Below are records; print only the lines from the line containing "Apartment Veronica In" to the end, both included, reproduced exactly and without the pictures.

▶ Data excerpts
:::

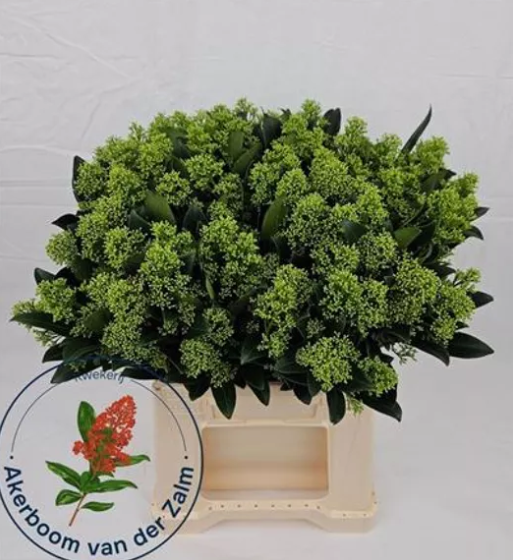 <h4>SKIMMIA MIX</h4>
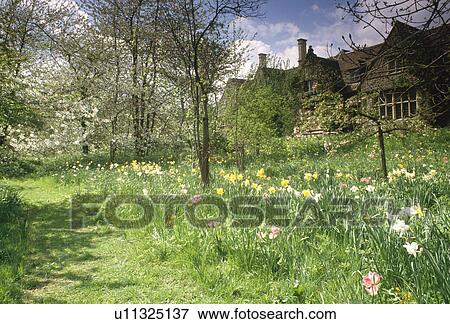 Grass Path Through Daffodils In Wildflower Meadow At Ashton Wold Stock Photo U Fotosearch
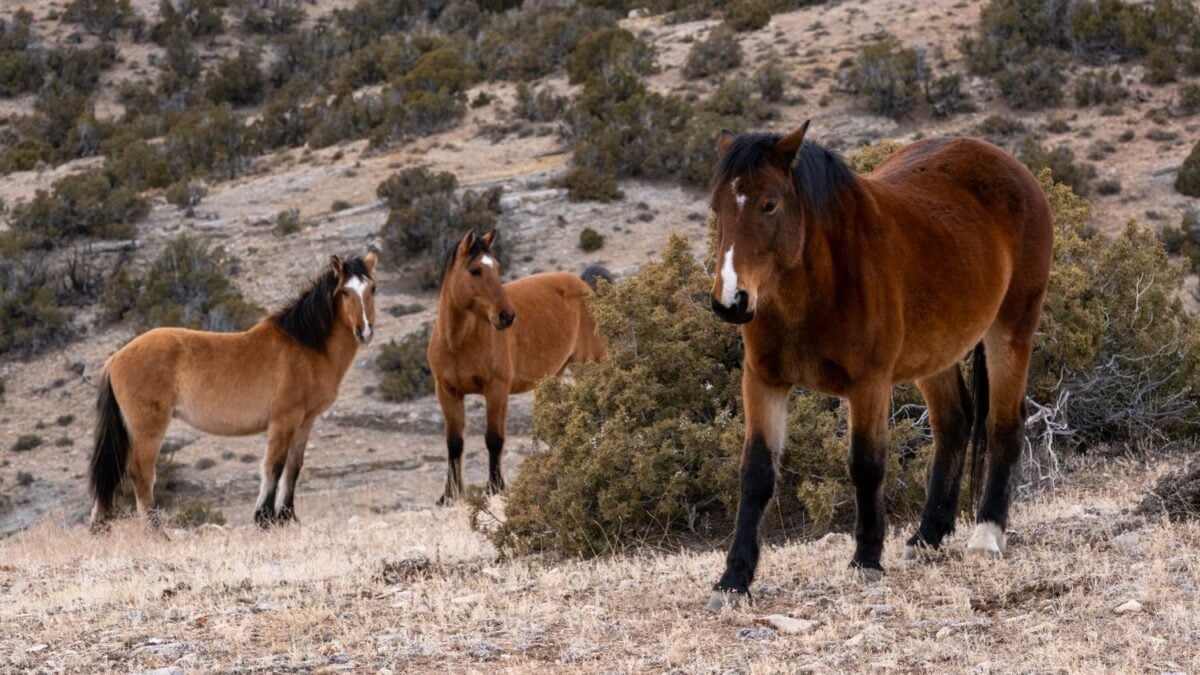 America's Wild Horses Are More Than Just a Symbol; They're a Vital Part of the Ecosystem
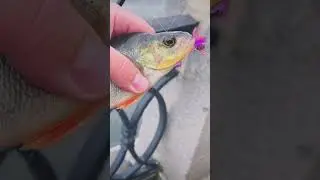 Погнали на 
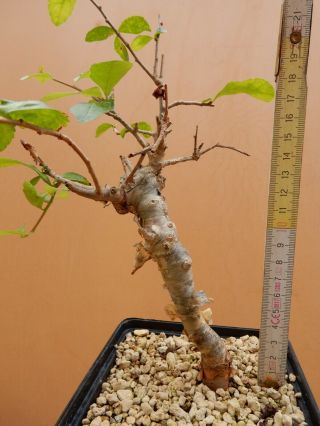 Commiphora sp - Succulent - Caudex - Rare - Oman - Import 4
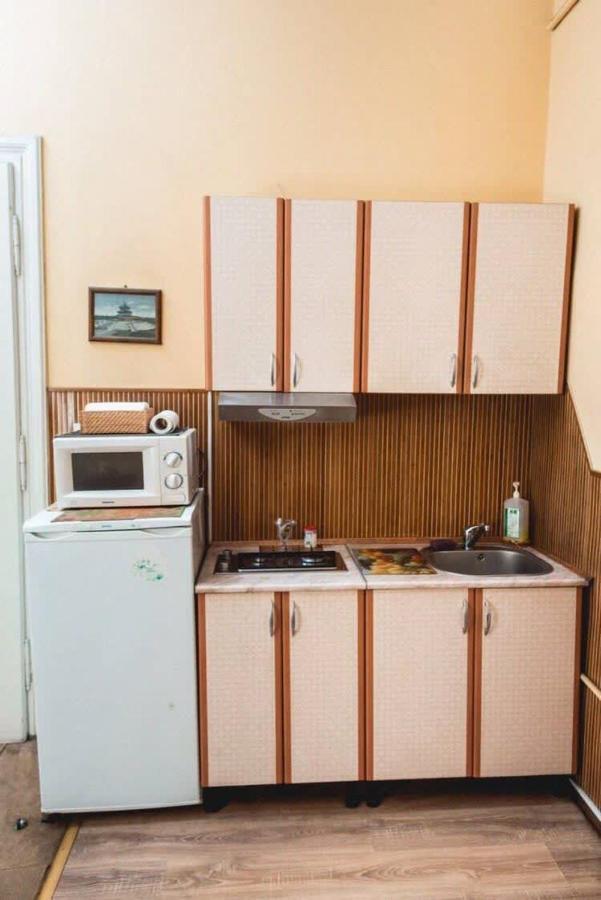 Apartment Veronica In Center Lviv Kültér fotó
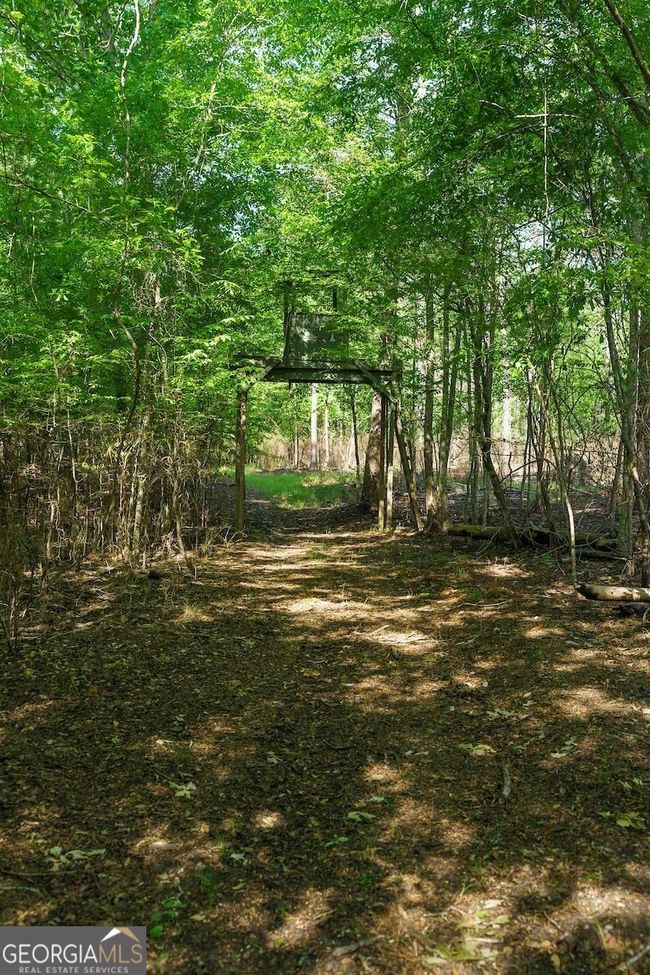 6053 Sun Hill Grange Rd, Home with 0 bedrooms, 0 bathrooms and null parking in Davisboro GA | Image 43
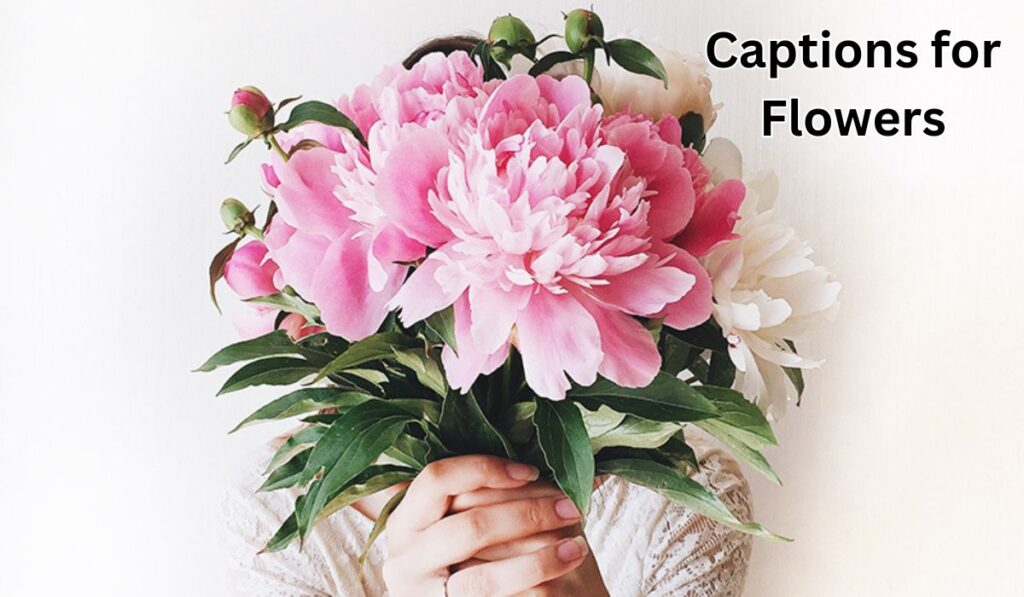 Captions for Flowers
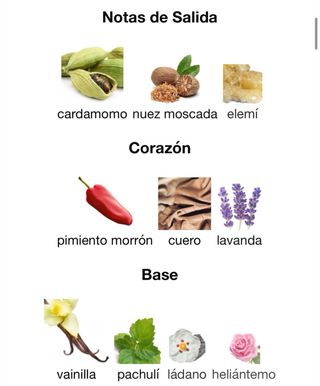 Afnan 9pm Elixir 100ml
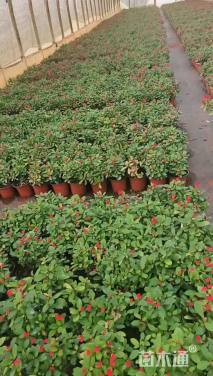 高度25厘米虎刺梅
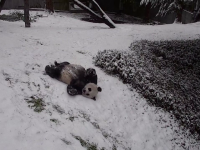 Spectacolul oferit de doi urși panda în zăpadă, surprins de camerele de supraveghere. VIDEO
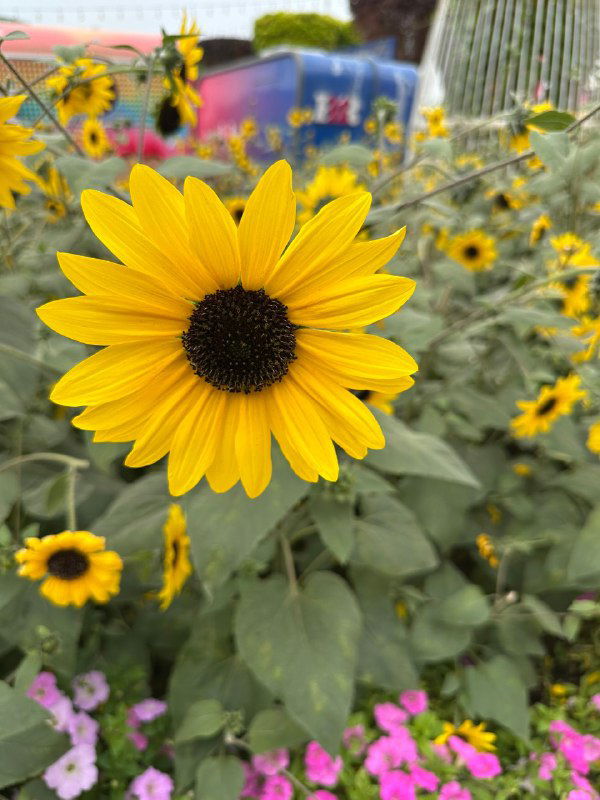 Просканировать айти‑специалиста на софт‑скиллы за 20–40 минут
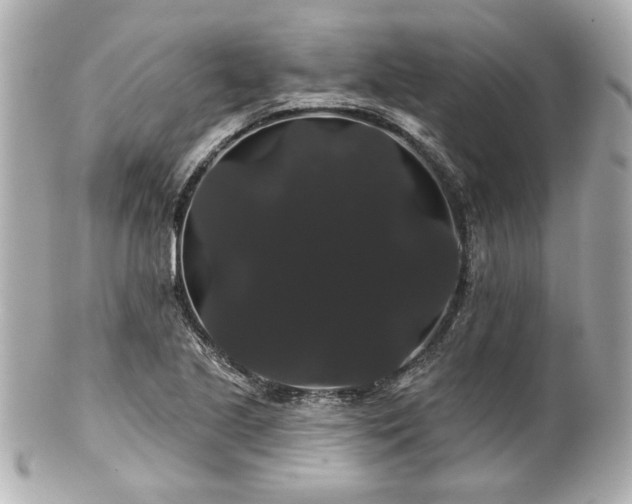 X0000100891221200807011149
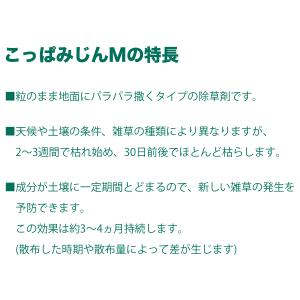 除草剤 こっぱみじんM 3kg×6箱 (こっぱ...の詳細画像3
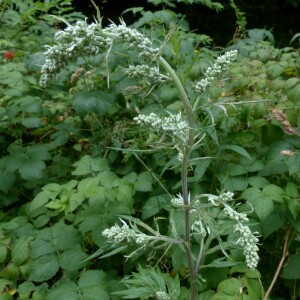 Photographie n°2439308 du taxon Artemisia vulgaris L. [1753]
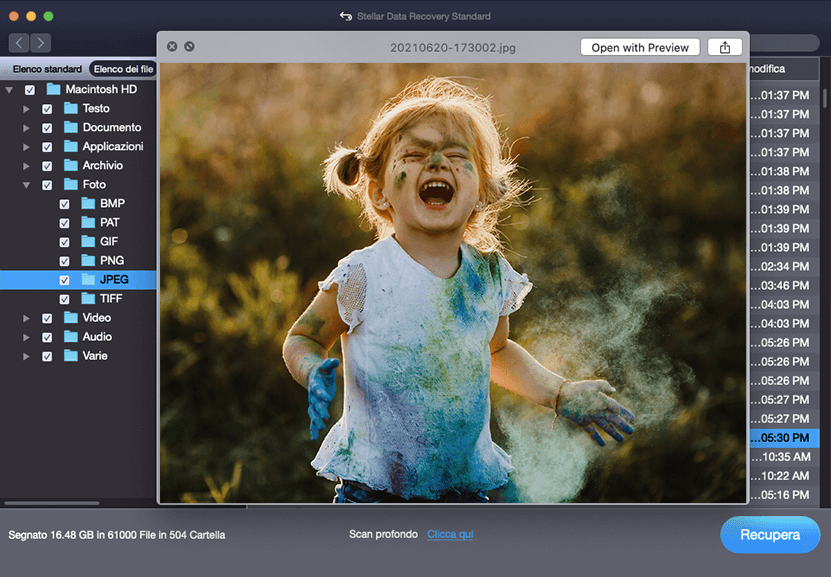 维迪的前体复原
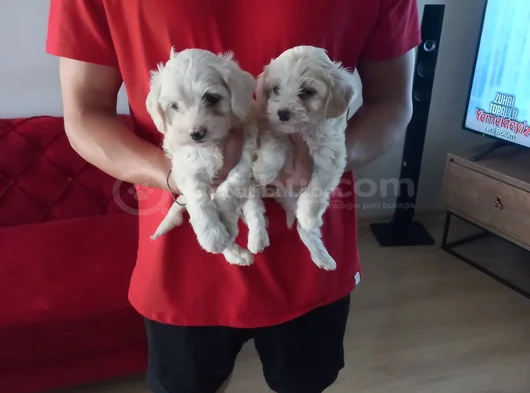 Ev Doğumu Maltipoo Yavrularımız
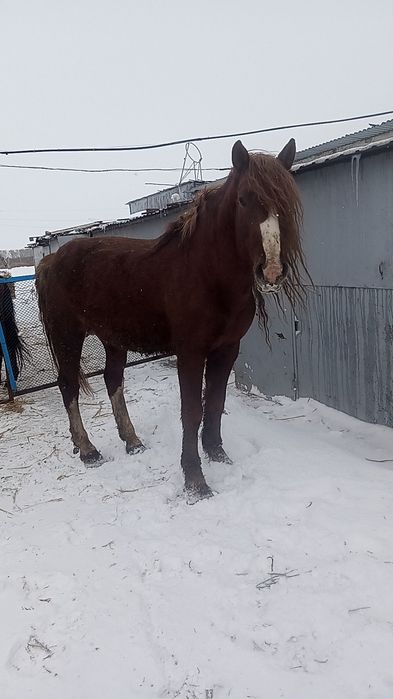 Жеребец тяжеловоз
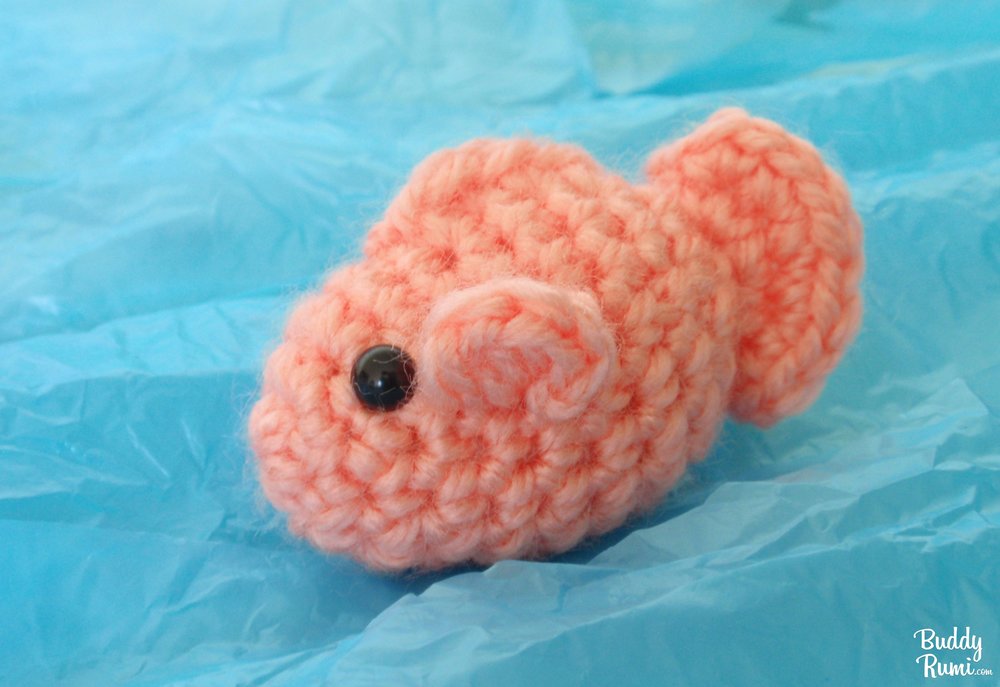 Free Amigurumi Pattern: Little Fish — BuddyRumi Amigurumi Crochet Patterns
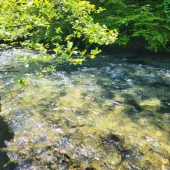 messenger creation 39691182654 46a6 988bcca81d902a0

:::

▶ Output for this exercise
 Apartment Veronica In Center Lviv Kültér fotó
 6053 Sun Hill Grange Rd, Home with 0 bedrooms, 0 bathrooms and null parking in Davisboro GA | Image 43
 Captions for Flowers
 Afnan 9pm Elixir 100ml
 高度25厘米虎刺梅
 Spectacolul oferit de doi urși panda în zăpadă, surprins de camerele de supraveghere. VIDEO
 Просканировать айти‑специалиста на софт‑скиллы за 20–40 минут
 X0000100891221200807011149
 除草剤 こっぱみじんM 3kg×6箱 (こっぱ...の詳細画像3
 Photographie n°2439308 du taxon Artemisia vulgaris L. [1753]
 维迪的前体复原
 Ev Doğumu Maltipoo Yavrularımız
 Жеребец тяжеловоз
 Free Amigurumi Pattern: Little Fish — BuddyRumi Amigurumi Crochet Patterns
 messenger creation 39691182654 46a6 988bcca81d902a0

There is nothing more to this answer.